What is required - Lines from the one containing "White Slave Trade, Joaquin Sorolla" to the end of the records, both ends included and exactly as written, are the whole answer, and no pictures go in it.

Record excerpts -
************
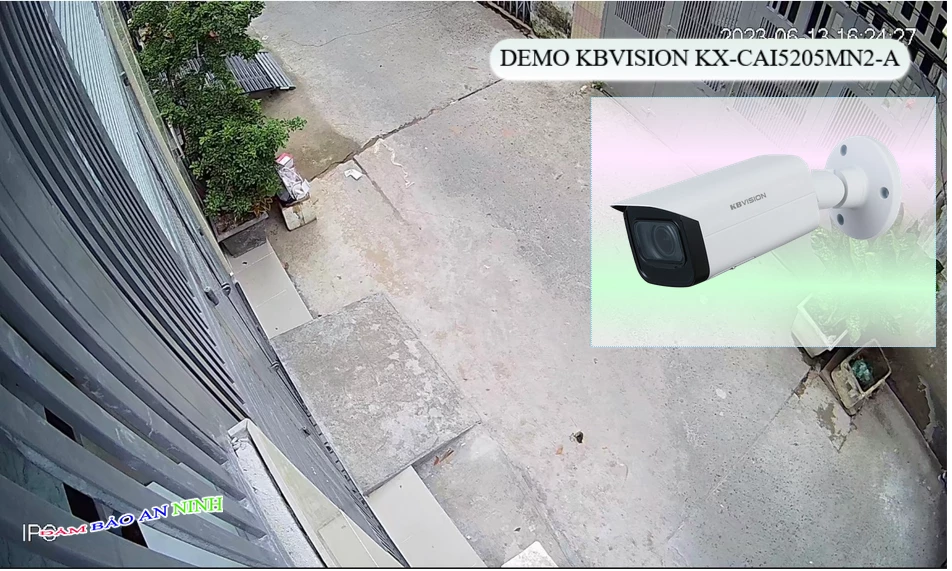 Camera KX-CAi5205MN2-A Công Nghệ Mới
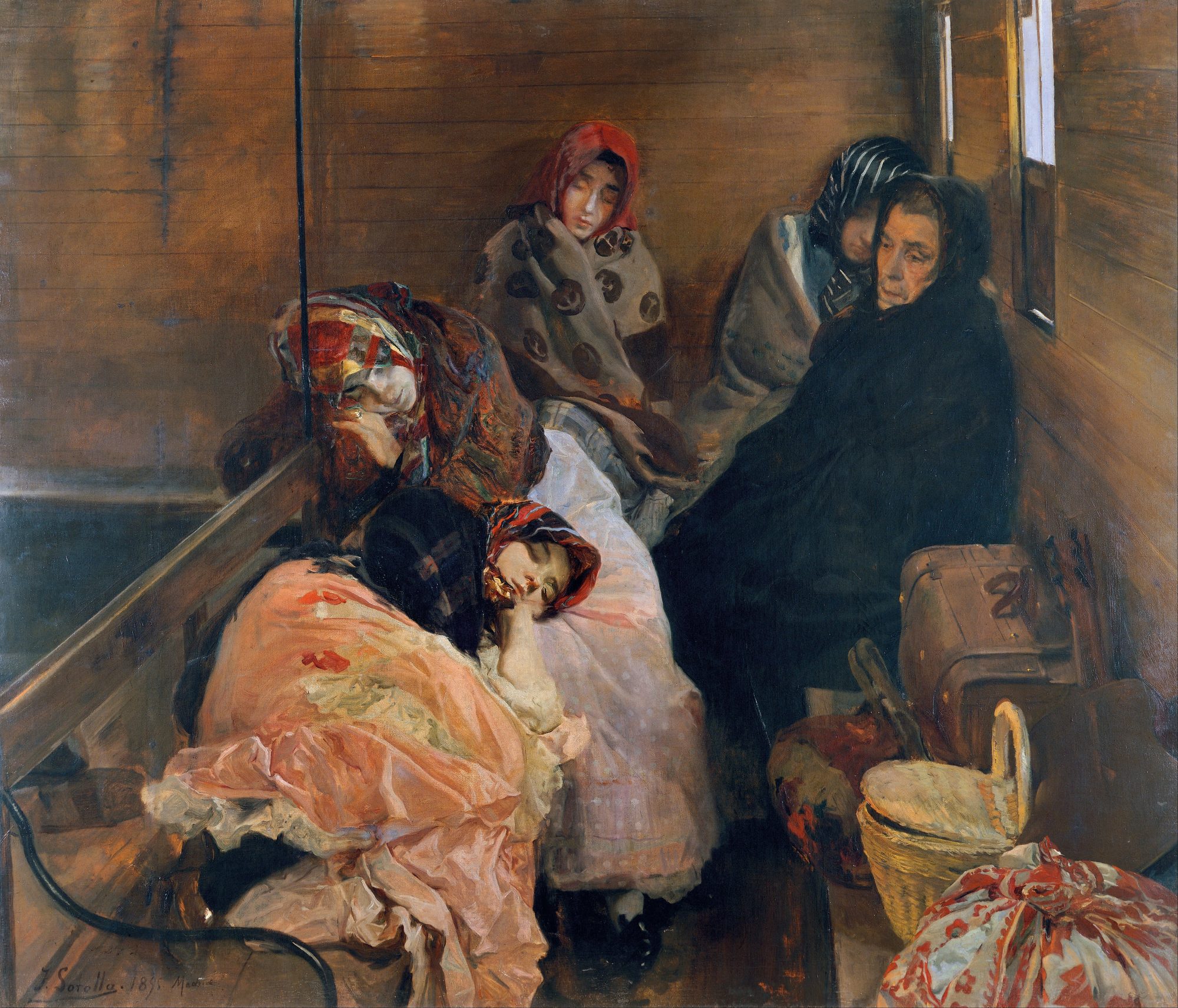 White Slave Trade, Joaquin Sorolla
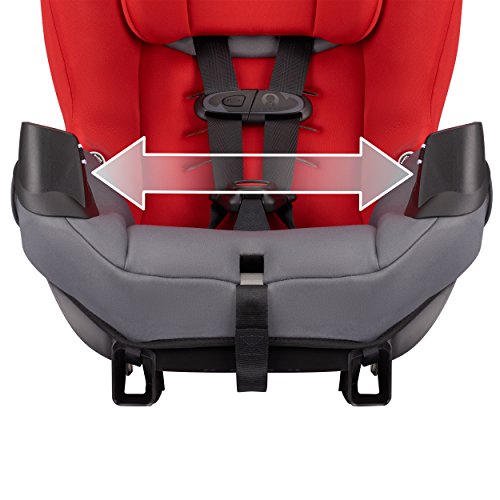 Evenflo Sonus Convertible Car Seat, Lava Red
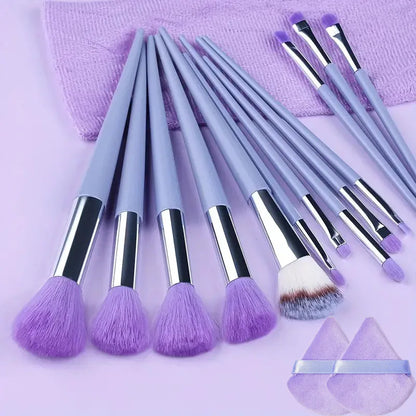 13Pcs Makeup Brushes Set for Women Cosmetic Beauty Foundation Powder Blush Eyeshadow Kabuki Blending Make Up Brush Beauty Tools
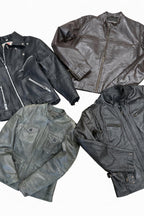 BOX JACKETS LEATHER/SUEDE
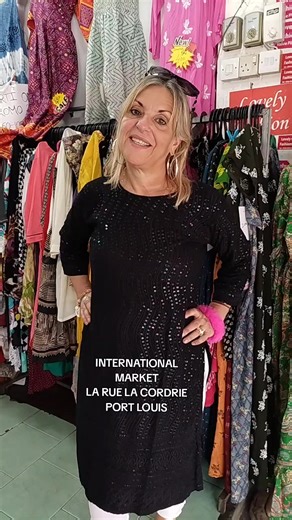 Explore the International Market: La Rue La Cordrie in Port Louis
************
Exercise result -
 White Slave Trade, Joaquin Sorolla
 Evenflo Sonus Convertible Car Seat, Lava Red
 13Pcs Makeup Brushes Set for Women Cosmetic Beauty Foundation Powder Blush Eyeshadow Kabuki Blending Make Up Brush Beauty Tools
 BOX JACKETS LEATHER/SUEDE
 Explore the International Market: La Rue La Cordrie in Port Louis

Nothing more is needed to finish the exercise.